DATA EXTRACT section start

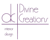 Divine Creations LLC. Inspired Interiors Logotype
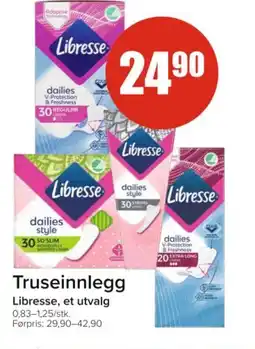 Spar Truseinnlegg tilbud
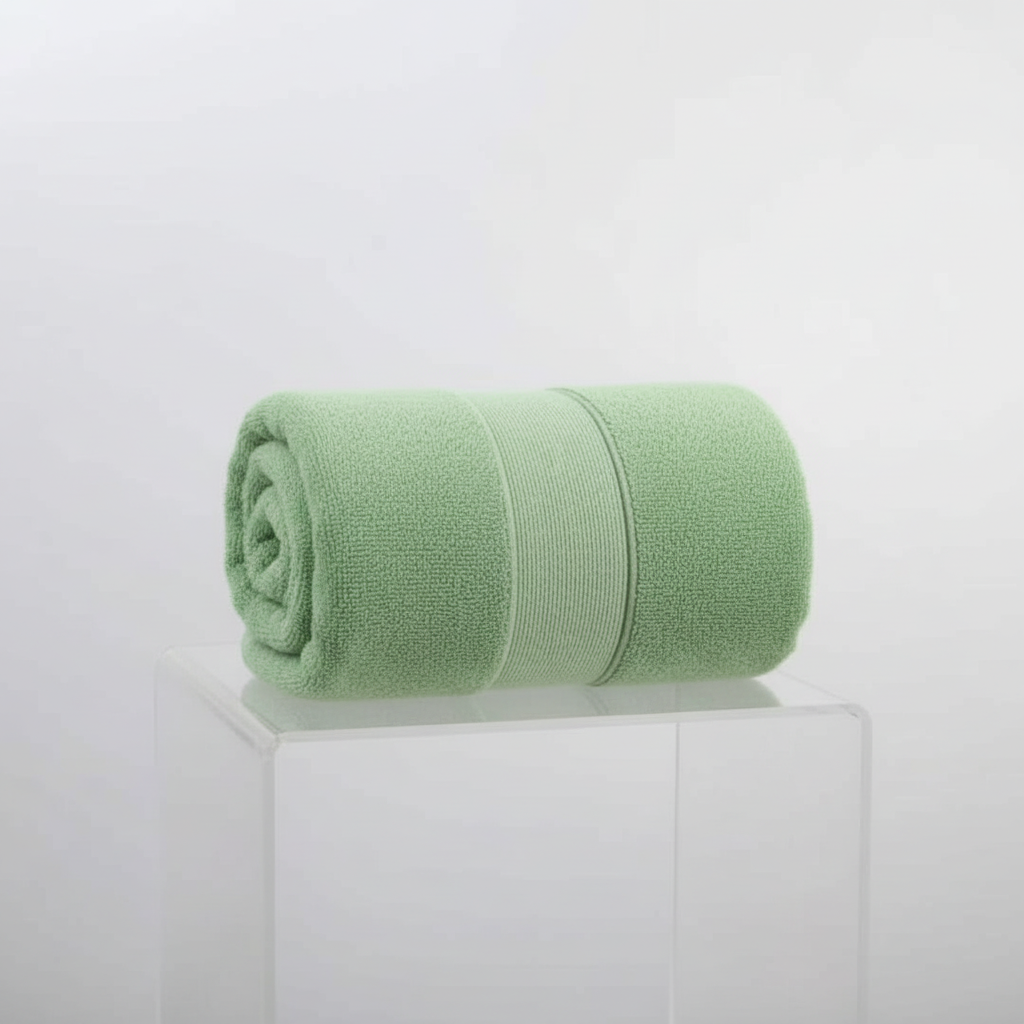 Unisex oversized 'ColorWonder' bath towel, highly absorbent and soft cotton for bathroom luxury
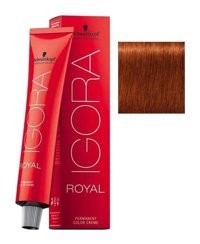 Schwarzkopf Igora Royal 6.77 Yoğun Bakır Koyu Kumral Krem Saç Boyası 60 ml
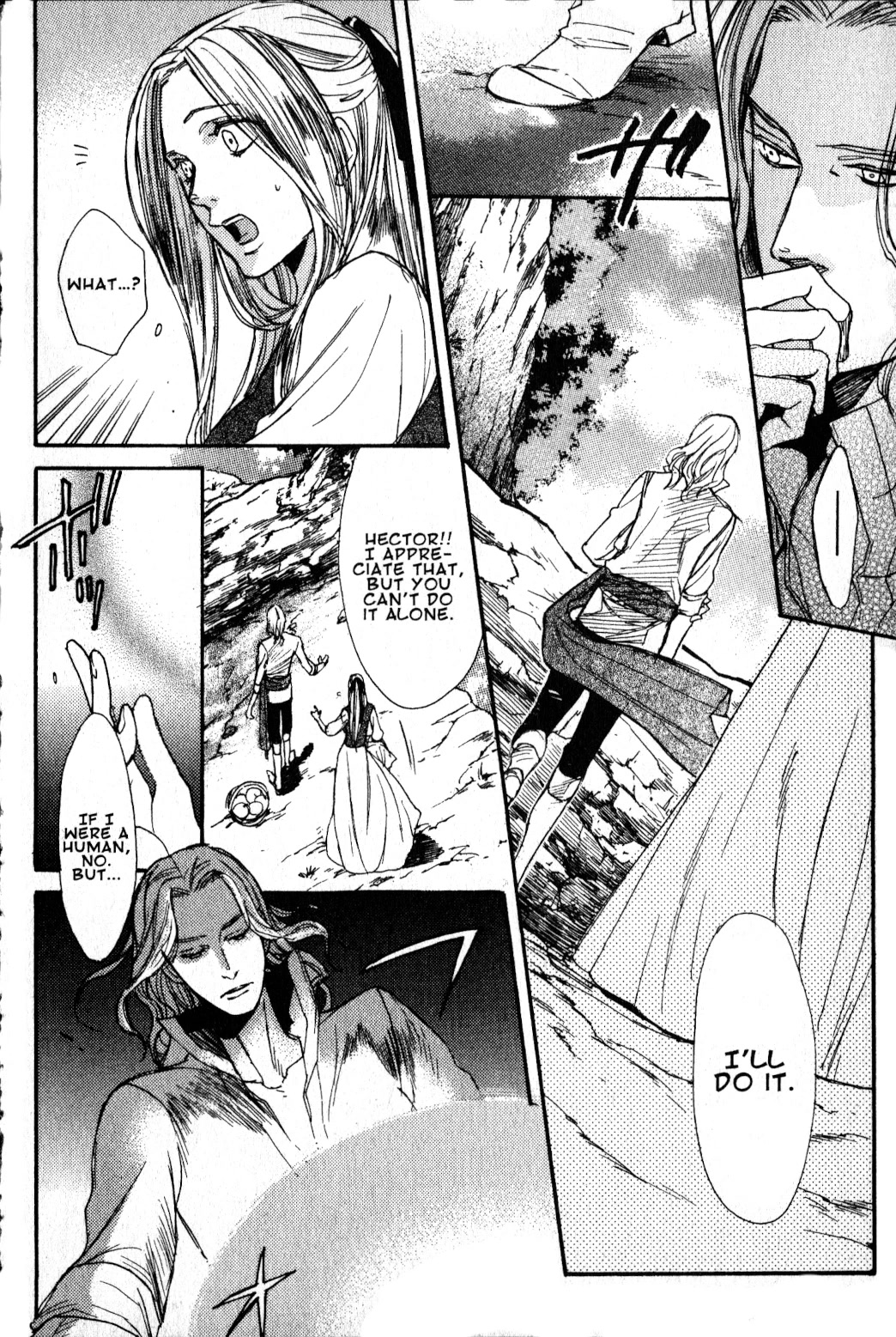 Castlevania - Curse of Darkness Chapter 2.4 page 27 - Vol.2 Chapter 4: Redemption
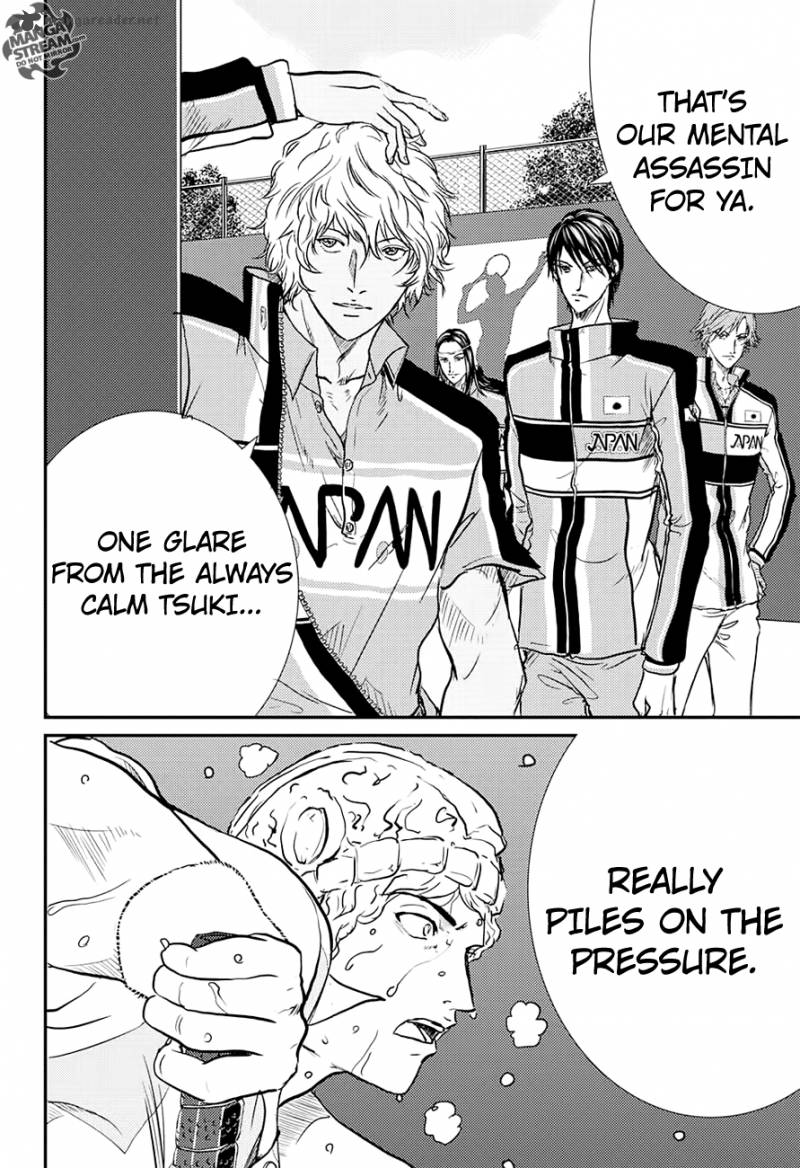 New Prince Of Tennis Chapter 185 Page 6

DATA EXTRACT section end

> _EXERCISE AIM_:
Set out exactly, and only, the lines between the first line of the listing and the line containing "Schwarzkopf Igora Royal", counting both, while leaving every picture out.

> _SOLVED EXERCISE_:
 Divine Creations LLC. Inspired Interiors Logotype
 Spar Truseinnlegg tilbud
 Unisex oversized 'ColorWonder' bath towel, highly absorbent and soft cotton for bathroom luxury
 Schwarzkopf Igora Royal 6.77 Yoğun Bakır Koyu Kumral Krem Saç Boyası 60 ml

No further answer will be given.